Entry updated 20 September 2020. Tagged: Theme.

As the nineteenth century progressed and the planet became more and more thoroughly explored, authors of Utopias and Dystopias began to abandon present-day Lost Worlds and Islands as venues for their ideal societies, and instead to locate their speculations in the future, perhaps hundreds of years hence. Almost always these speculations were framed by prologues (and sometimes epilogues) set at the time the novel was written; this frame served to introduce the protagonist who was to travel into the future and act the role of inquisitive visitor to the new world. The route he (the protagonist was almost always male) generally took seems in retrospect an odd one. Though Time Machines were available to fiction writers before the end of the century, they were rarely used, either by utopian/dystopian speculators or by tellers of tales. Even H G Wells, who conceived perhaps the first imaginatively plausible device in The Time Machine (1895), did not re-use the idea, even though the notion of an instantaneous trip through time served one essential function for the writer who wished to illuminate the world to come: it brought the then and the now into abrupt and glaring contrast. When Wells came to write his first dystopia, When the Sleeper Wakes (1899; rev vt The Sleeper Awakes 1910), he fell back on the convention of the protagonist who falls asleep in the present day and wakes again in the future. Not for the first time in his career, he did not invent but gave definitive form to (and named, in the vt) a significant sf theme or motif.

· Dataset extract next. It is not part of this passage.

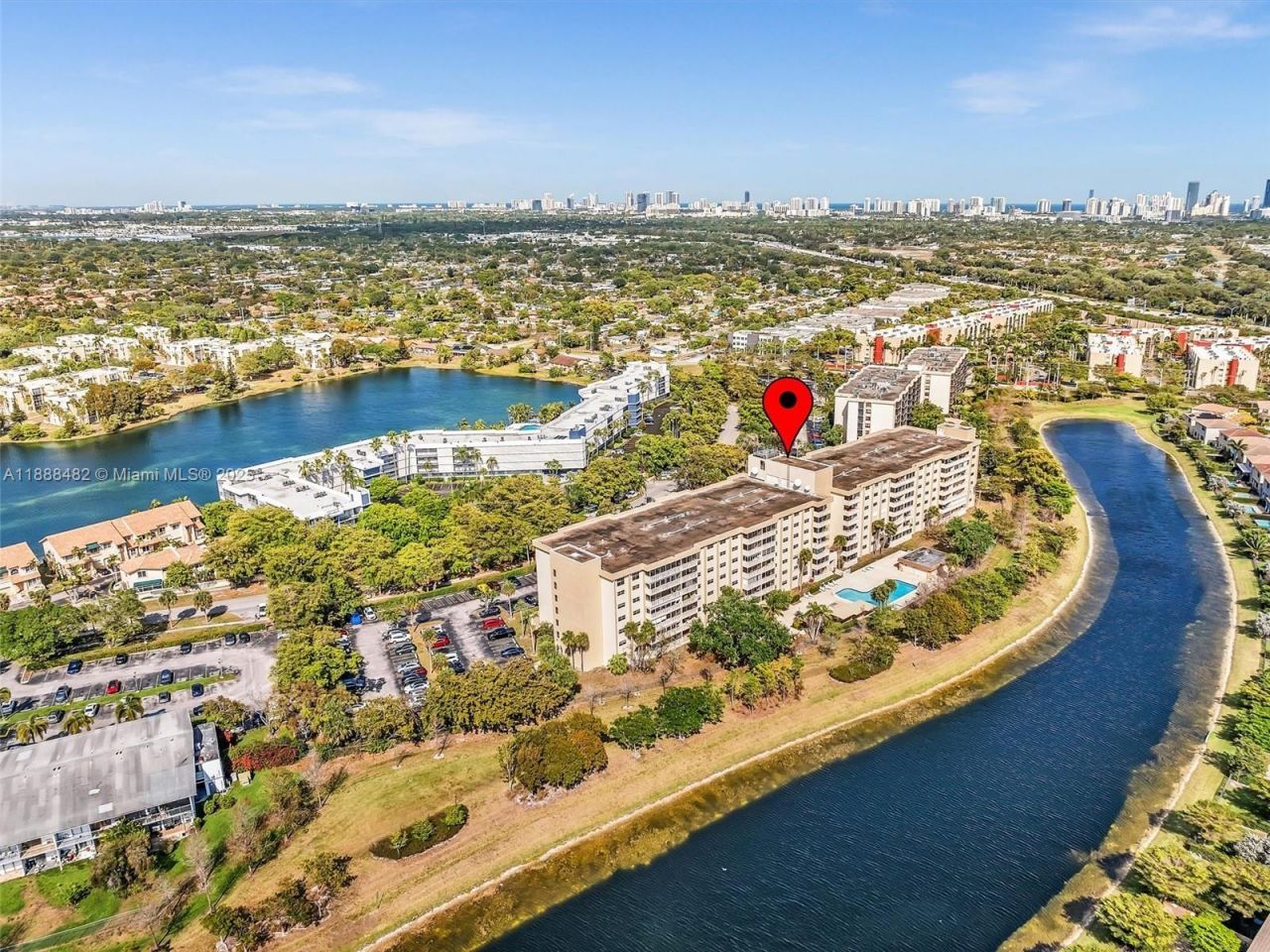 800 NE 195th St, Unit 716, Miami, FL 33179 Photo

The sleeper-awakes device shares with Time Travel, however, the capacity to transit centuries in the turning of a page, so that the essential function of contrast between the then and the now can be retained in exemplary focus. The two most famous late-nineteenth-century Utopias in the English language, Edward Bellamy's Looking Backward, 2000-1887 (1888) and William Morris's News from Nowhere (1890), took advantage of the device to sharpen contrasts throughout. Many less famous titles, like Ismar Thiusen's The Diothas (1883), also utilized it. In his Science Fiction: The Early Years (1991), E F Bleiler lists about 40 further novels and stories published before 1930 – by no means all of them utopias or dystopias – which feature an awakened sleeper. Few have retained much popularity, although W H Hudson's A Crystal Age (1887; rev 1906), Alvarado M Fuller's A.D. 2000 (1890), Jerome K Jerome's short Satire The New Utopia (in Diary of a Pilgrimage (and Six Essays) coll 1891; 2010 ebook), Horace W C Newte's The Master Beast (1907; vt The Red Fury 1919) and Edward Shanks's The People of the Ruins (1920) remain of some interest.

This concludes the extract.